Questions over future of Nigeria’s ruling APC in the South West
Published on 2016 December 2, Friday Back to articles
Nigeria’s APC emerged as the winner of the 26 November gubernatorial elections in Ondo State. But the win has also raised questions about the future of the ruling party in the South West because of the acrimony that preceded the elections. In his congratulatory message to the winner of the election, President Muhammadu Buhari admitted that the election ‘tested’ the party’s unity.

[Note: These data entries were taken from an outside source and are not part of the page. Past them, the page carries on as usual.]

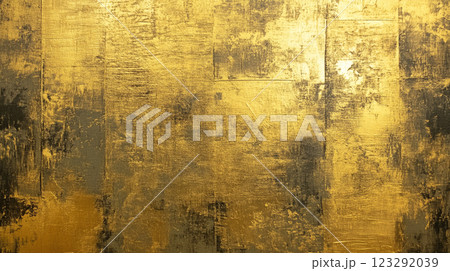 Texture of golden surface, with areas that appear darker and slightly brushed. Great for backgrounds and decorative elements. Texture of golden surface, with areas that appear darker and slightly brushed. Great for backgrounds and decorative elements. 123292039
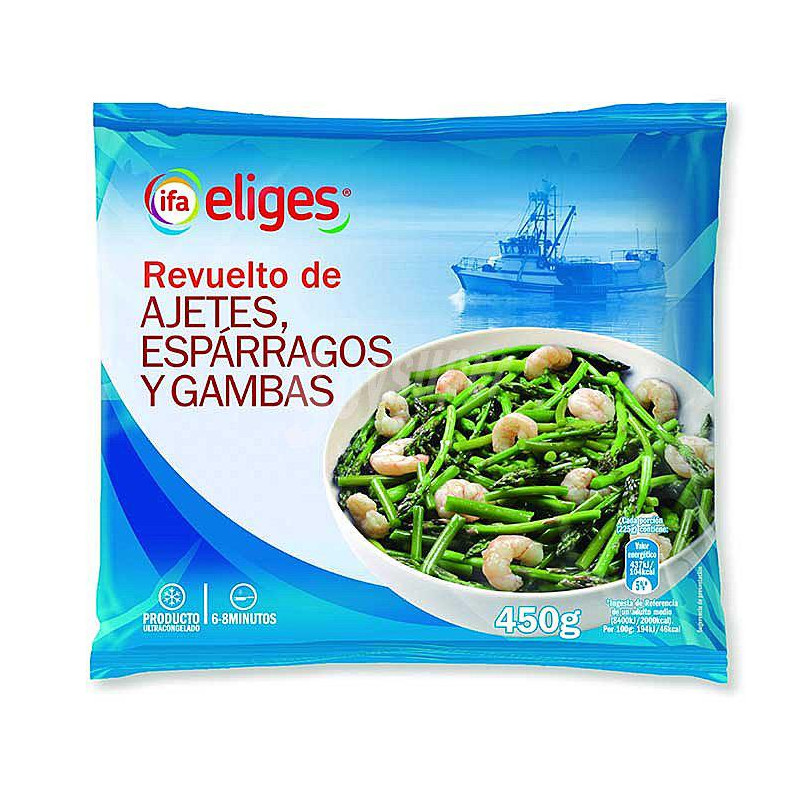 REVUELTO DE GAMBAS CON AJETES IFA 450GR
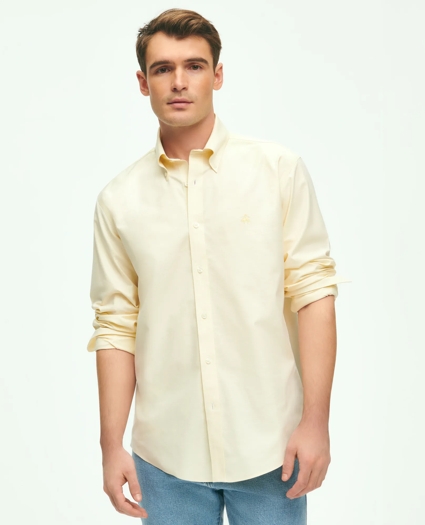 Stretch  Cotton Non-Iron Oxford Polo Button Down Collar Shirt, image 1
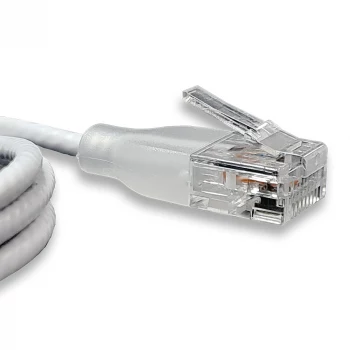 WANTEC eGlow UTP CAT6a Patchkabel, 0,5 m, Weiß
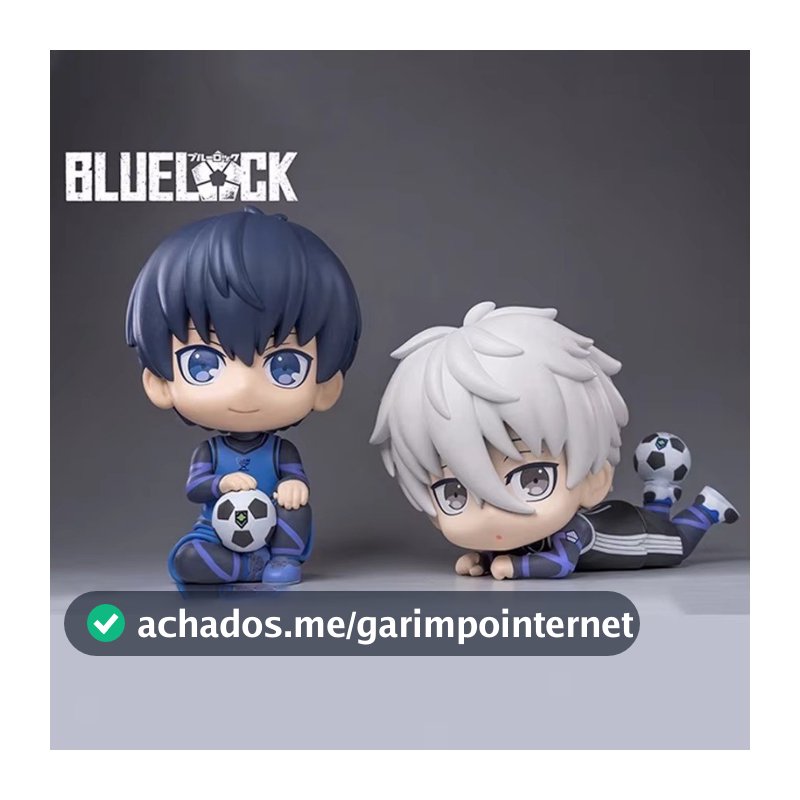 10cm Versão Q Bloqueio Azul Anime Figura Nagi Seishiro Isagi Yoichi Coleção Modelo Estatueta Boneca Brinquedo Presente D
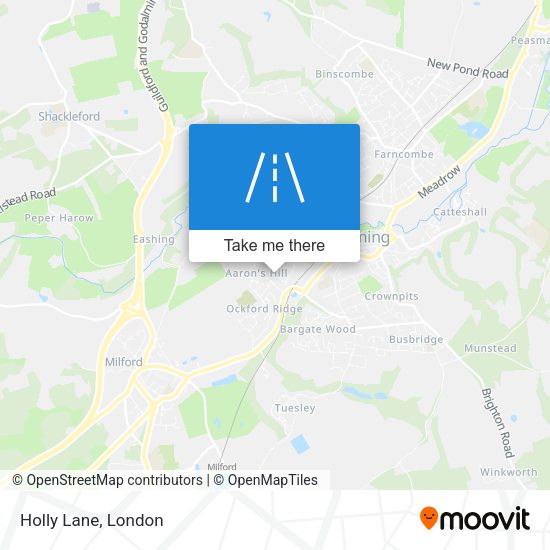 Holly Lane map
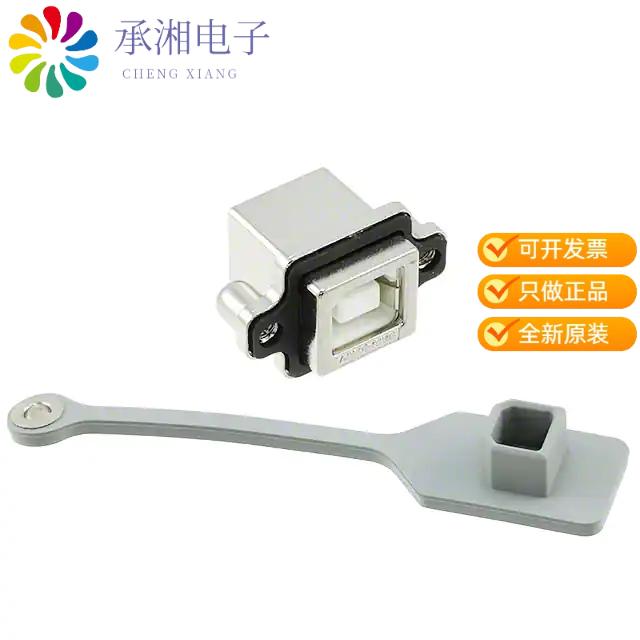 正品MUSB-D111-31原装CONN RCPT USB2.0 TYPEB 4P PCB RA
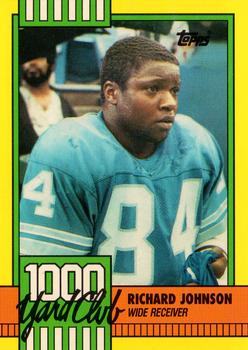 1990 Topps - 1000 Yard Club #22 Richard Johnson Front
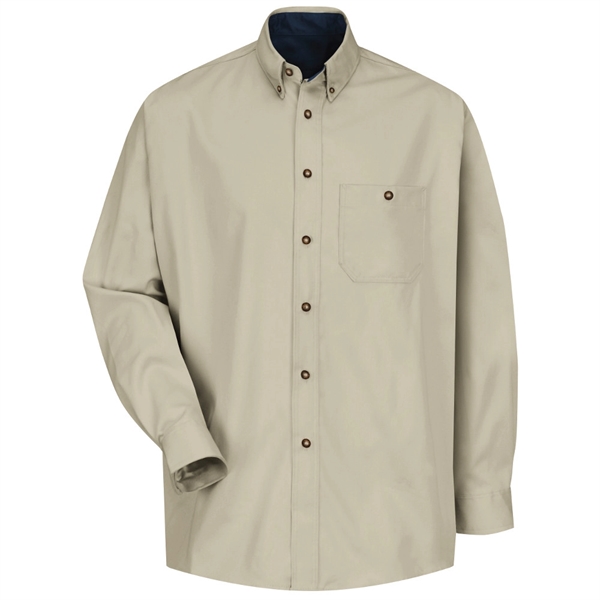 Red Kap® Men's Long Sleeve Cotton Contrast Dress Shirt - Red Kap® Men's Long Sleeve Cotton Contrast Dress Shirt - Image 2 of 3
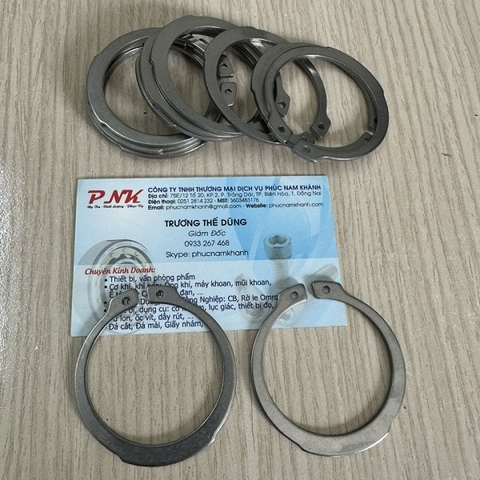 PHE CÀI TRỤC INOX 420 DIN471 D45x1.75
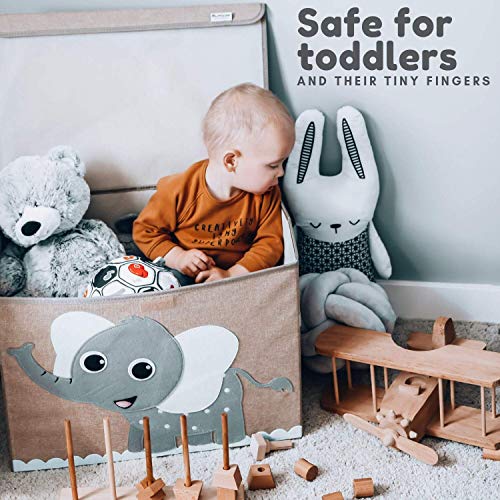 Hurricane Munchkin HM1235 Hurricane Tots Large Toy Chest. Canvas Soft Fabric Children Toy Storage Bin Basket thumb #1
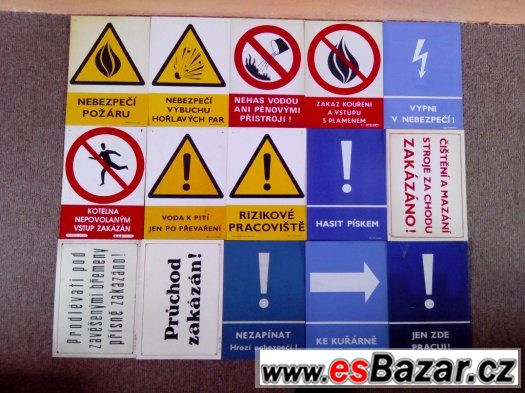 cedule bezpečnostní plast smalt papir umakart plech koupim cedule bezpečnostní plast smalt papir umakart plech koupim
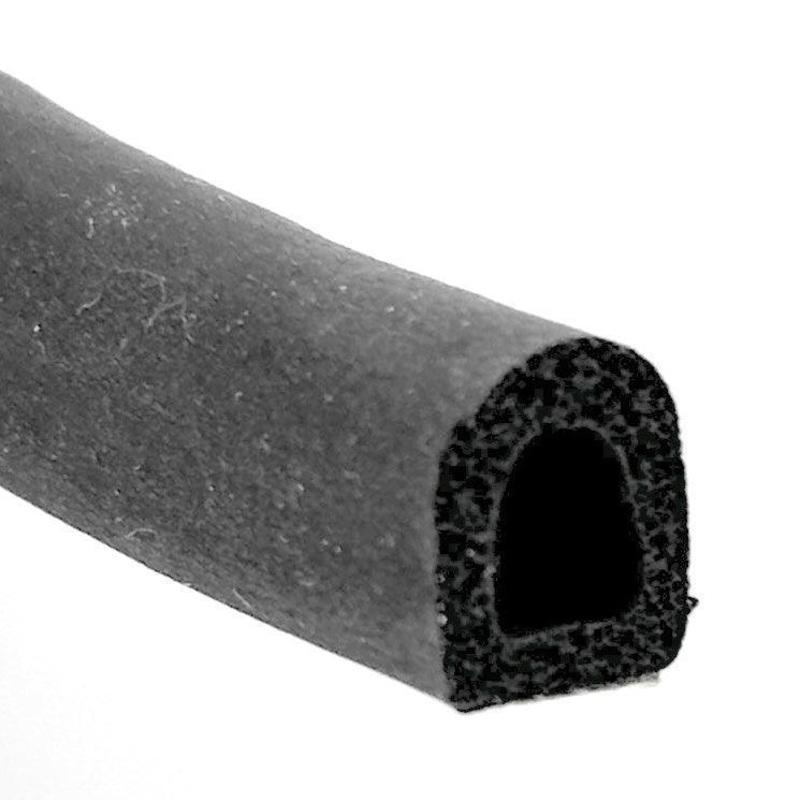 8mm x 10mm  Hollow 'D' Section Self Adhesive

The victory has demystified the influence of Nigeria’s APC’s most influential person in the South West, Bola Ahmed Tinubu, who did not hide the fact that he was not supporting the APC’s party’s candidate Rotimi Akeredolu. Even though he never openly declared his opposition to Akeredolu’s candidature, he and his loyalists stayed away from the campaign trail of Nigeria’s APC ahead of the elections (see Nigeria Politics & Security – 21.11.16). Olusola Oke — who defected from Nigeria’s APC to contest under the umbrella of the Alliance for Democracy (AD) which is a party associated with Tinubu — was his preferred candidate.
Until 24 November — two days before the election when the courts cleared the way for Eyitayo Jegede, the preferred candidate of the PDP to participate in the elections — it was a straight fight between Nigeria’s APC and the AD. The ruling changed the electoral calculations in the state with Jegede mounting a last-minute challenge and enabled him to come second.
But the emergence of Rotimi Akeredolu means that the All Nigeria People’s Party (ANPP) faction of the APC now has two governors in the South West. Buhari was the ANPP’s presidential candidate in the 2003 and 2007 presidential elections before leaving to form the Congress for Progressive Change (CPC) for whom he contested the 2011election. The other governor is Ogun State’s Ibikunle Amosun who is a close confidant of Buhari when he was in the ANPP.